Bad Roads

Hutu rebels' main hunting ground a lawless region

March 05, 1999

By TODD PITMAN

RUTSHURU, Congo, March 5 (Reuters) - When the civilian governor of eastern Congo's North Kivu province needed to travel upcountry recently, he donned military garb and went in a dozen-car convoy brimming with soldiers and escorted by a tank.

The main road winding north from Goma through the east of the Democratic Republic of the Congo twists through a spectacular terrain of yellow maize fields, velvety green hills, dense forests and towering volcanoes.

But the beauty surrounding the road belies its danger.

Residents say Rwandan Hutu militiamen, who this week hacked to death eight foreign tourists across the border in Uganda, have survived for years hidden in the hills and thick forests of Virunga National Park.

The ``Interahamwe'' militia, which played a key role in the massacres of an estimated 800,000 ethnic Tutsis and moderate Hutus in Rwanda's 1994 genocide, has been wreaking havoc across the area for months, burning cars and homes and pillaging peasant farmers at whim.

Up to 30 people were killed last week alone when seven vehicles travelling in an 18-car convoy were ambushed in the park at Mayamoto, 110 km (70 miles) north of Goma.

A government delegation that went to inspect the carnage found another three charred lorries near Lilimbi to the east, not far from the Ugandan border.

The steady flow of horror stories -- including beheadings, looting sprees and transport lorries incinerated by rocket-propelled grenades -- has overwhelmed local authorities.

Congolese soldiers, many wearing tennis shoes, T-shirts and ragged uniforms, have not been paid in months and have little incentive to risk their lives against Rwandan insurgents.

Rwandan army troops -- who are well trained, better paid and better equipped than their Congolese counterparts -- have stepped in, patrolling dirt roads in four-wheel-drive vehicles and conducting operations against Rwandan guerrillas.

The violence has displaced tens of thousands of civilians who say they are trapped between the Interahamwe and the Rwandan soldiers who came to flush them out.

``We don't want them (Rwandan soldiers) here because they are foreigners,'' said one displaced farmer living with relatives in Rutshuru. ``But we accept their presence because security has improved since they came.''

The situation is further complicated by the on-going rebellion in the Democratic Republic of the Congo in which Rwandan and Ugandan-backed rebels took up arms against President Laurent Kabila last August.

Zimbabwe, Angola, Namibia and Chad have sent troops to fight for Kabila.
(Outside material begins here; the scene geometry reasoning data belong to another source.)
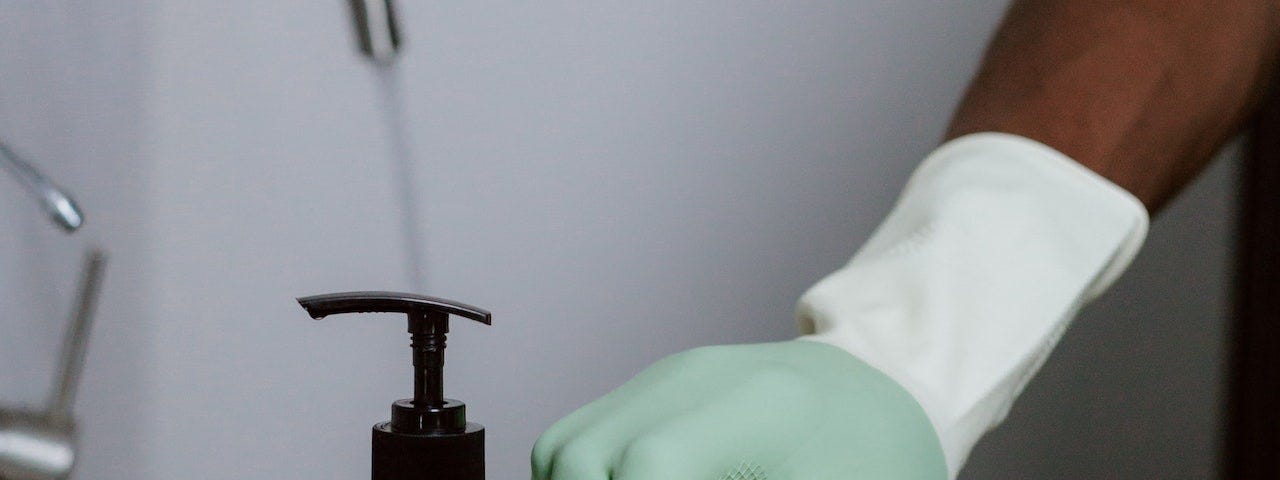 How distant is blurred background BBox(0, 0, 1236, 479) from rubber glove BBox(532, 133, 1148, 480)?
0.22 metres

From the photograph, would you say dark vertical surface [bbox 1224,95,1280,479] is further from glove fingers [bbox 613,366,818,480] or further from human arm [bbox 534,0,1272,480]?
glove fingers [bbox 613,366,818,480]

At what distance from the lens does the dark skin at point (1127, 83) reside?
0.53 m

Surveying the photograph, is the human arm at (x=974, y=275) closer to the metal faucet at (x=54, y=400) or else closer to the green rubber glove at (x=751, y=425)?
the green rubber glove at (x=751, y=425)

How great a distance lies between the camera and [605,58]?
68cm

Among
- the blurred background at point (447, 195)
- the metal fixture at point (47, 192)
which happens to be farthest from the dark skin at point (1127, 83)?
the metal fixture at point (47, 192)

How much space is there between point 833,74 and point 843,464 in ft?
1.33

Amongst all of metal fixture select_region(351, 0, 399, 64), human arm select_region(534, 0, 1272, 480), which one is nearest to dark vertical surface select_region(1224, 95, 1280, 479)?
human arm select_region(534, 0, 1272, 480)

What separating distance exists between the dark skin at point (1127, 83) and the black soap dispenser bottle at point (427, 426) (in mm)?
314

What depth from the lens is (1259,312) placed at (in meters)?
0.85

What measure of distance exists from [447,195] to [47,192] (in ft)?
0.80

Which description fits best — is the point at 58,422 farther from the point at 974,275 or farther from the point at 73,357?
the point at 974,275

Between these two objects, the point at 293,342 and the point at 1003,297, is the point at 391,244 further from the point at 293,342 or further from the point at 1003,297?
the point at 1003,297

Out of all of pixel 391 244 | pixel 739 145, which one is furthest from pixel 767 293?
pixel 391 244

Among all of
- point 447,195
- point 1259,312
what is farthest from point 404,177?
point 1259,312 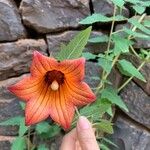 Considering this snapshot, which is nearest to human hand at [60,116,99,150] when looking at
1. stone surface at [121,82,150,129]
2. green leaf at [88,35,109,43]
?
green leaf at [88,35,109,43]

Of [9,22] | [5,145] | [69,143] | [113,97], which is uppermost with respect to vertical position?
[69,143]

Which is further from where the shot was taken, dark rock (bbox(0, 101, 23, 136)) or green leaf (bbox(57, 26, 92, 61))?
dark rock (bbox(0, 101, 23, 136))

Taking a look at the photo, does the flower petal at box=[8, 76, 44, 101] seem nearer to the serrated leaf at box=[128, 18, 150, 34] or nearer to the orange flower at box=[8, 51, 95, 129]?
the orange flower at box=[8, 51, 95, 129]

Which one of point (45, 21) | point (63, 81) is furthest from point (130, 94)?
point (63, 81)

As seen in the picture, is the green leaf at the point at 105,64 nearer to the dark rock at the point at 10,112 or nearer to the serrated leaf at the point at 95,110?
the serrated leaf at the point at 95,110

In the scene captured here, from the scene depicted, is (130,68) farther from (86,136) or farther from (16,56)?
(86,136)

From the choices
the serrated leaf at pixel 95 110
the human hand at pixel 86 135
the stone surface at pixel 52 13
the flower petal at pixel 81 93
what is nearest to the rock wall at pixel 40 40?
the stone surface at pixel 52 13

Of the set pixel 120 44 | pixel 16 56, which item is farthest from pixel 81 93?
pixel 16 56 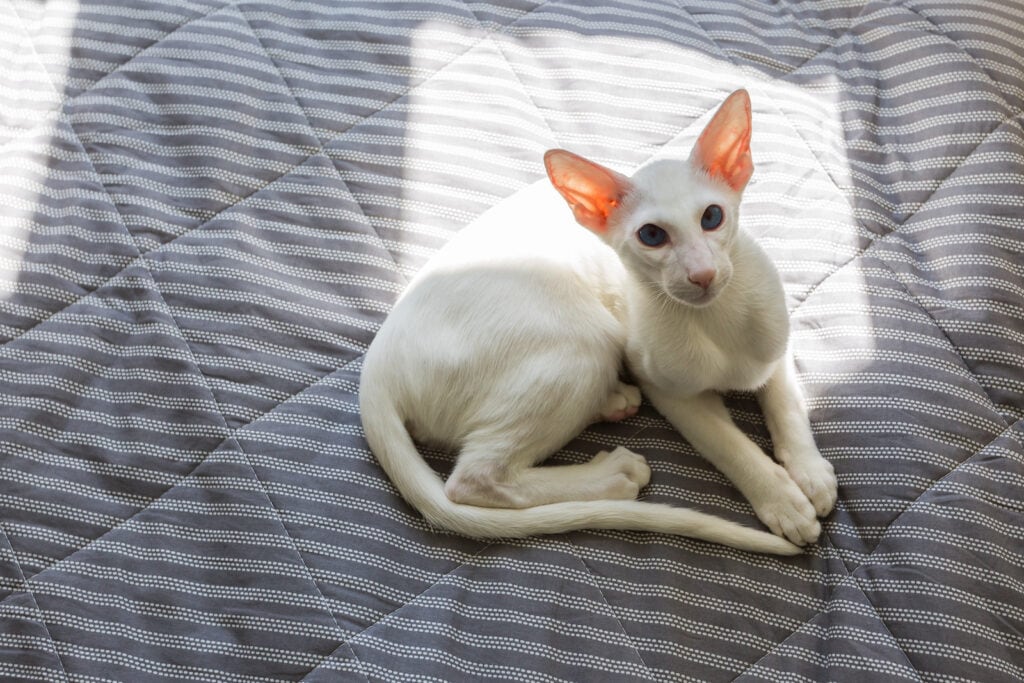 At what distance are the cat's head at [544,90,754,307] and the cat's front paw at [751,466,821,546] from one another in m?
0.32

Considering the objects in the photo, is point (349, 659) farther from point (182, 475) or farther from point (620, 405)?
point (620, 405)

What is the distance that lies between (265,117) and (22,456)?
802 millimetres

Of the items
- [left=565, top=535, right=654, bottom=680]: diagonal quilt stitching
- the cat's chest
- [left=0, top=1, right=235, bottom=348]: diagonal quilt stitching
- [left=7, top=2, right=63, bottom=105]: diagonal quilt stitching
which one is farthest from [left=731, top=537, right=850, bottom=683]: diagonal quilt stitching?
[left=7, top=2, right=63, bottom=105]: diagonal quilt stitching

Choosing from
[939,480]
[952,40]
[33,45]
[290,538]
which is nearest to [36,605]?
A: [290,538]

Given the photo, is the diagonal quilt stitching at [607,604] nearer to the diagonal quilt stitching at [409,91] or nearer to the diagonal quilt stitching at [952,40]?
the diagonal quilt stitching at [409,91]

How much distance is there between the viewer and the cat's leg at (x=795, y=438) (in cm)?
145

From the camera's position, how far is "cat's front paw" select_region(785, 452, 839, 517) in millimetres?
1441

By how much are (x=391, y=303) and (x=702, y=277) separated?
0.67 m

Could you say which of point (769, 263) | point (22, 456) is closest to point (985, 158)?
point (769, 263)

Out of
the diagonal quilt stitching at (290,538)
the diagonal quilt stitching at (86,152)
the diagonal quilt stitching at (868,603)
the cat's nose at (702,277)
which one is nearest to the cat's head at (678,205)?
the cat's nose at (702,277)

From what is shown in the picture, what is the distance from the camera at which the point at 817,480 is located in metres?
1.45

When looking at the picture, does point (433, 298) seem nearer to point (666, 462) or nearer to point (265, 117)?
point (666, 462)

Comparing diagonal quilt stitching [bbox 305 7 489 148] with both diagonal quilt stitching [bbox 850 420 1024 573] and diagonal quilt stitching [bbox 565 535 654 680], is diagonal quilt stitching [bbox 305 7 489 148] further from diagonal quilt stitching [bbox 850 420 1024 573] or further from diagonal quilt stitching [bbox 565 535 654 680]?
diagonal quilt stitching [bbox 850 420 1024 573]

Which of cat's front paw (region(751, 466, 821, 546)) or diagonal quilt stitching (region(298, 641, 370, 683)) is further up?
cat's front paw (region(751, 466, 821, 546)) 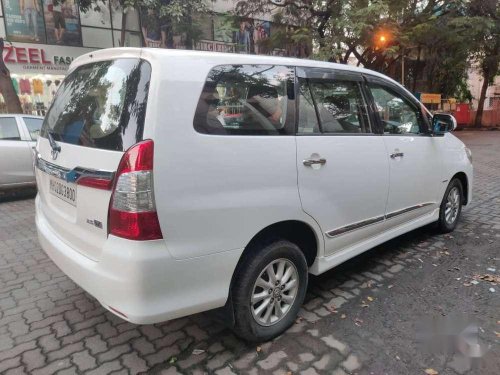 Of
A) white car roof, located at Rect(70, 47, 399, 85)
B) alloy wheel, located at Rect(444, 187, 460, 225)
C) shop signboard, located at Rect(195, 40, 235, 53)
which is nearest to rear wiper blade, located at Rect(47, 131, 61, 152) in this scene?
white car roof, located at Rect(70, 47, 399, 85)

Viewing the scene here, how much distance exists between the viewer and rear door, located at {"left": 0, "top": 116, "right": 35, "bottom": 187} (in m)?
6.95

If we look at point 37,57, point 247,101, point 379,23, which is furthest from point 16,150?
point 379,23

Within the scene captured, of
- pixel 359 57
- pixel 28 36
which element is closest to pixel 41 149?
pixel 28 36

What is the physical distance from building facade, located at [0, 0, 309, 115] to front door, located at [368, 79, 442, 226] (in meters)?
11.3

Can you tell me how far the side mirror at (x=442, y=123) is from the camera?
425 centimetres

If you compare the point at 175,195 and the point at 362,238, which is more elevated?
the point at 175,195

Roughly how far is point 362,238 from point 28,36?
15.0 m

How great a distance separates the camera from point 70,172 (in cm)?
240

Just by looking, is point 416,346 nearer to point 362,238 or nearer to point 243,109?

The rebels control most of the east.

The former Zaire's latest rebellion has fuelled mistrust between civilians and the new rebel authorities, who have done little to improve life in the hills.

But local authorities have done what they can, calling on the people to patrol their own areas nightly with soldiers.

On stretches of road that pass through forests, officials have hacked down nearby trees to make ambushes more difficult.

Rwandan and Congolese troops guard the roads, hopping up from makeshift camps with hand grenades to flag down cars at impromptu roadblocks and ask for cigarettes and spare change.

A taxi driver slowed down and watched cautiously at a safe distance before determining that a small mob of men in military uniforms moving hastily around a blue lorry were friendly troops and not Rwandan rebels.

On both sides of the Goma/Rutshuru road, the volcanic-rock remains of camps that once housed about one million Rwandan refugees have been swallowed by the bush and look like ancient ruins.

The sprawling camps, which also housed perpetrators of the Rwandan genocide, were forcibly closed when Rwandan troops crossed the border in 1996 and sparked a rebellion that brought Kabila to power in mid-1997.

``The refugees went back home but we've inherited a war,'' said one Rutshuru resident.